GoBERT: Gene Ontology Graph Informed BERT for Universal Gene Function Prediction

Authors

  • Yuwei Miao University of Texas at Arlington
  • Yuzhi Guo University of Texas at Arlington
  • Hehuan Ma University of Texas at Arlington
  • Jingquan Yan University of Texas at Arlington
  • Feng Jiang University of Texas at Arlington
  • Rui Liao Johnson and Johnson
  • Junzhou Huang University of Texas at Arlington

DOI:

https://doi.org/10.1609/aaai.v39i1.32043

Abstract

Exploring the functions of genes and gene products is crucial to a wide range of fields, including medical research, evolutionary biology, and environmental science.

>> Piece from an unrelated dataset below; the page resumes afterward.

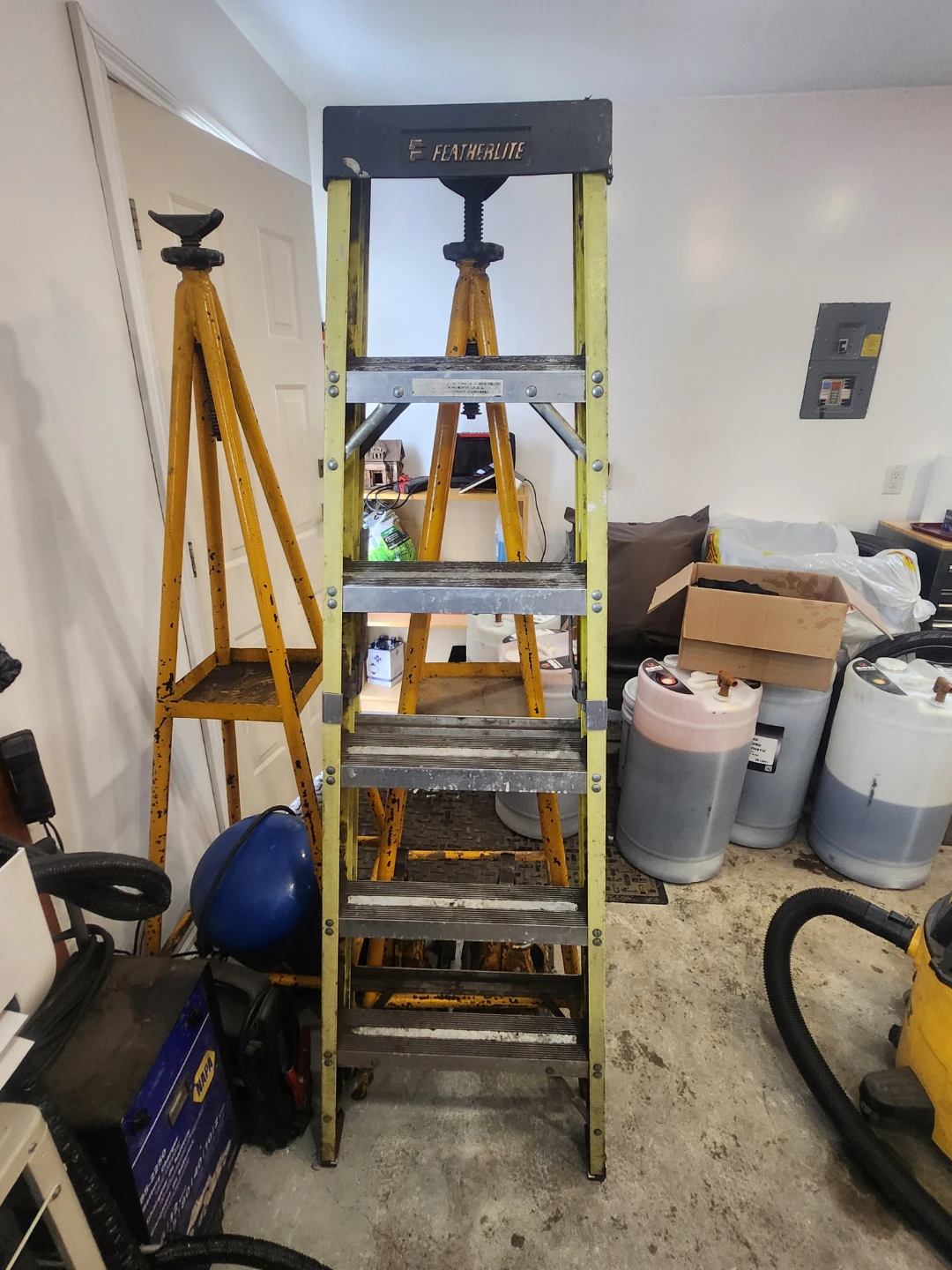 6ft Feather light ladder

However, discovering new functions largely relies on expensive and exhaustive wet lab experiments. Existing methods of automatic function annotation or prediction mainly focus on protein function prediction with sequence, 3D-structures or protein family information. In this study, we propose to tackle the gene function prediction problem by exploring Gene Ontology graph and annotation with BERT (GoBERT) to decipher the underlying relationships among gene functions. Our proposed novel function prediction task utilizes existing functions as inputs and generalizes the function prediction to gene and gene products. Specifically, two pre-train tasks are designed to jointly train GoBERT to capture both explicit and implicit relations of functions. Neighborhood prediction is a self-supervised multi-label classification task that captures the explicit function relations. Specified masking and recovering task helps GoBERT in finding implicit patterns among functions. The pre-trained GoBERT possess the ability to predict novel functions for various gene and gene products based on known functional annotations. Extensive experiments, biological case studies, and ablation studies are conducted to demonstrate the superiority of our proposed GoBERT.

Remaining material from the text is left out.